We saw this play out this past weekend when, on Friday at 10:30 a.m., an F train derailed in Queens. By the Friday evening rush hour, Transit had restored local service, and although trains were taken out of service along parts of the line on both Saturday and Sunday mornings this weekend, the MTA anticipates a normal rush hour with both express and local service by 5 a.m. Monday. Workers had to re-rail and then remove an eight-car train and repair around 500 feet of rail while inspecting nearby infrastructure to ensure trains can operate safely.
Meanwhile, the MTA shared some findings over the weekend that indicate the focus of their investigation as well as their safety record. First, it appears as though operator error was not to blame. While the 1991 Union Square derailment that led to four deaths was due to the result of a drunk motorman, officials have all but cleared the F train’s crew of wrong-doing. Rather, the derailment happened at a spot that has become the focal point of efforts to combat broken rails.
According to the MTA, the rail that snapped, leading to this derailment, was manufactured in November and installed this past March. It’s not clear if it was installed incorrectly or if it contained a defect. It will, Transit said, be sent for metallurgical testing. We’ll see what comes of that.

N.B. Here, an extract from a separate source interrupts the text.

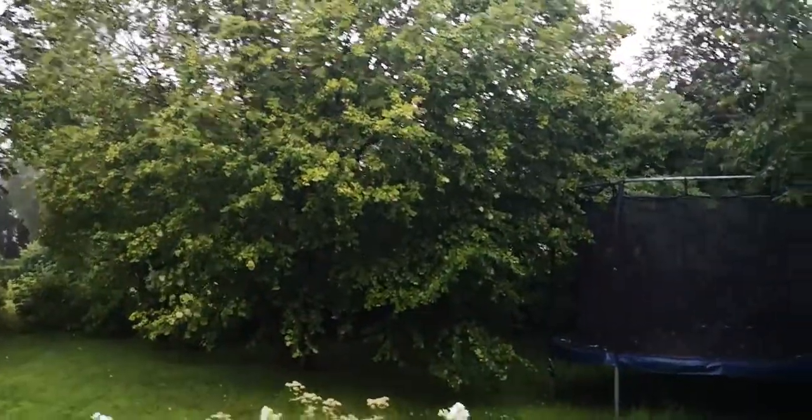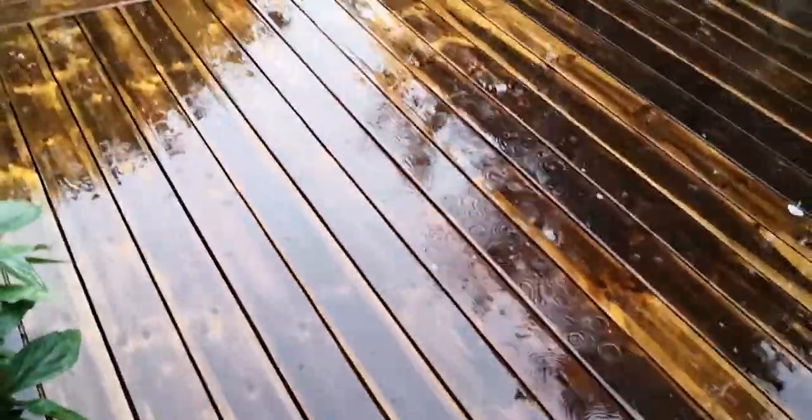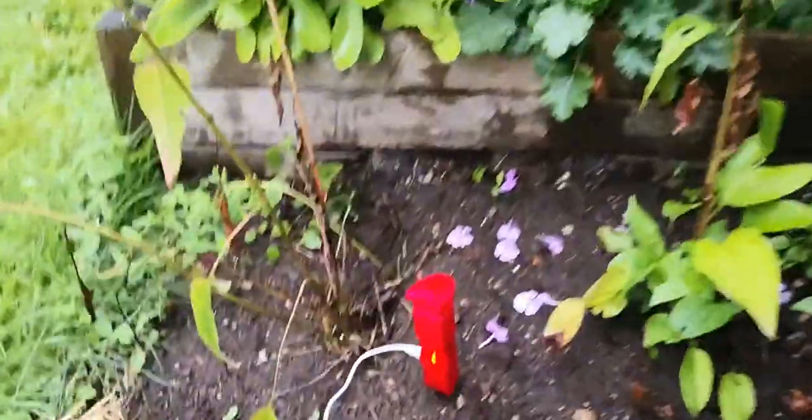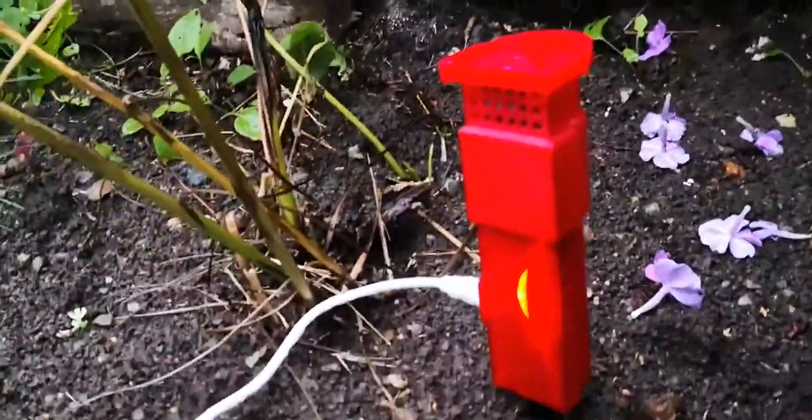I'm out in the garden on a lovely rainy day — it's pouring down quite a bit. Here's the 3D printed enclosure running off the 30 watt solar panel, and it's doing quite well.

Overall though, it’s not surprising that this rail broke. As what the MTA describes as its effort to reduce derailments to zero, workers map broken and defective rails to identify where large-scale replacement and hardening efforts should occur. During the presentation on this topic to the MTA Board in February, Transit targeted the Queens Boulevard corridor as one of five problematic areas, and the MTA has plans to install 23 miles of continuous welded rail to reduce broken rails and noise and vibration issues. That project, unfortunately, isn’t due to start until 2015 when funding is in place. (The other areas include the 7th Ave. IRT from Dyckman south, the 8th Ave. line from 207th to Jay St., 6th Ave. between 59th and Jay St., and the Astoria line from 57th St. to the phantom stop/11th St. Cut area in Queens.)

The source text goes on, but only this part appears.